Although exchanges using BIP32 can keep their private key offline, that private key is still a single point of failure. Happily, they can lessen the impact of compromise of any one single key by constructing a k-of-n multisig address with each of the n public keys derived from a different extended public key. What BTSE achieves with this combination is on-the-fly generation of arbitrarily-many addresses that all deposit straight into a multisig cold wallet without needing to touch the private keys.

Aside from BIP32 and multisig, BTSE also uses P2SH-P2WSH (P2SH-wrapped segwit) for their deposit addresses.

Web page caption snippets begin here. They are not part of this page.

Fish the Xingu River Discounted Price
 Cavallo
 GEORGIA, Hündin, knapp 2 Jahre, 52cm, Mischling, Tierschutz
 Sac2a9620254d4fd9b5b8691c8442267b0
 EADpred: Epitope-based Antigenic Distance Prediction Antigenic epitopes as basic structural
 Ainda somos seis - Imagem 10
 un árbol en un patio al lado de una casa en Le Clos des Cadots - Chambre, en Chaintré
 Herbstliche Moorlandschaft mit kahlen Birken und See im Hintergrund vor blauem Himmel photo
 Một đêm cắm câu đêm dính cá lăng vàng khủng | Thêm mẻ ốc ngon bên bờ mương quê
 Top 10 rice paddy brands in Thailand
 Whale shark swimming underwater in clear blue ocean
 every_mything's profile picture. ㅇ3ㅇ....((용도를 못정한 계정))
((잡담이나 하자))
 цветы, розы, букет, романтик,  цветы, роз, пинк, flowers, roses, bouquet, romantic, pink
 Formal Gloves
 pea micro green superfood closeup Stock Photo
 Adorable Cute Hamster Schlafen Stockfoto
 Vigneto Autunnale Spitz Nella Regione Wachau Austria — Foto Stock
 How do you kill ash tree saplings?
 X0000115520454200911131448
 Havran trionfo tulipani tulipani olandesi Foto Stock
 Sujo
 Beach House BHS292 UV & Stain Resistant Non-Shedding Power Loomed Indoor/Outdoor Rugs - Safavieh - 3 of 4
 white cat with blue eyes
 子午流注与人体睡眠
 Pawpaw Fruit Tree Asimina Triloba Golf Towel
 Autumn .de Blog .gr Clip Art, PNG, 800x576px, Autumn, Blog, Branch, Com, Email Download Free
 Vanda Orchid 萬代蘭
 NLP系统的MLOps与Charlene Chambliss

Segwit allows BTSE to reduce the fee of spending transactions by reducing their weight, such as for moving to hot wallets or UTXO consolidation. As an example, spending from a P2SH-P2WSH 2-of-3 multisig address saves 44% when compared to spending from a legacy P2SH one. As adoption of sending to native segwit P2WSH addresses rises (tracked on Optech’s compatibility matrix), businesses should also consider using these addresses for deposits to unlock 14% additional savings and increase security for their multisig scripts (256-bits rather than 160-bits). You can learn about adoption speed, address security, and much more in our Bech32 Sending Support series.

Segwit, BIP32, and multisig work together to ease the burden of operating a secure, usable, and low-fee exchange for BTSE. Optech encourages new exchanges to consider these technologies when designing their infrastructure. For existing exchanges, as noted in a previous field report, a good time to consider adopting these technologies and reducing your technical debt is when you’re also consolidating UTXOs.